Hydrilla is a formidable nonnative species. It can grow an inch in a single day, and it spreads through flowers, potato-like tubers and can even be established from a tiny fragment. It grows densely and chokes out native plants and inhibits recreation like boating and swimming.
The plant was detected in October in DuPage County. It was the second recorded instance in the state. The Department of Natural Resources has activated a decade-old hydrilla task force, which unlocked resources for short- and long-term management.
Claire Snyder is the aquaculture program specialist with the department.
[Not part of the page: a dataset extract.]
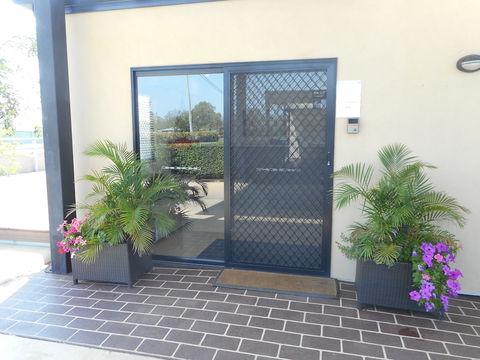 Injune Motor Inn - Broome Tourism 0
She says it will be a long road towards recovery.
“Unfortunately, the treatment process for hydrilla is neither simple nor short term," she said. "So, any kind of management becomes really a long-term management strategy. In this particular case, our goal is to do a lot of management very quickly in the first couple of years here.”
Snyder also says that while the presence of hydrilla in Illinois is serious, the department is prepared to take on the challenge.
“We do have the management tools in place, so we're not necessarily out of our depth when we're handling this," Snyder said, "but it is something that, as soon as we heard about it and realized the extent of what we're looking at, that it's really serious, and it's something that that we can't let slide, and we can't wait on.”
To prevent hydrilla entering waterways, Snyder says residents should be careful to completely clean and dry out any equipment that comes out of the water, and to never dump home aquariums out – the department suspects this was the cause of the DuPage outbreak.
The plant can also be difficult to identify, so state officials ask the public to reach out if they suspect they find hydrilla.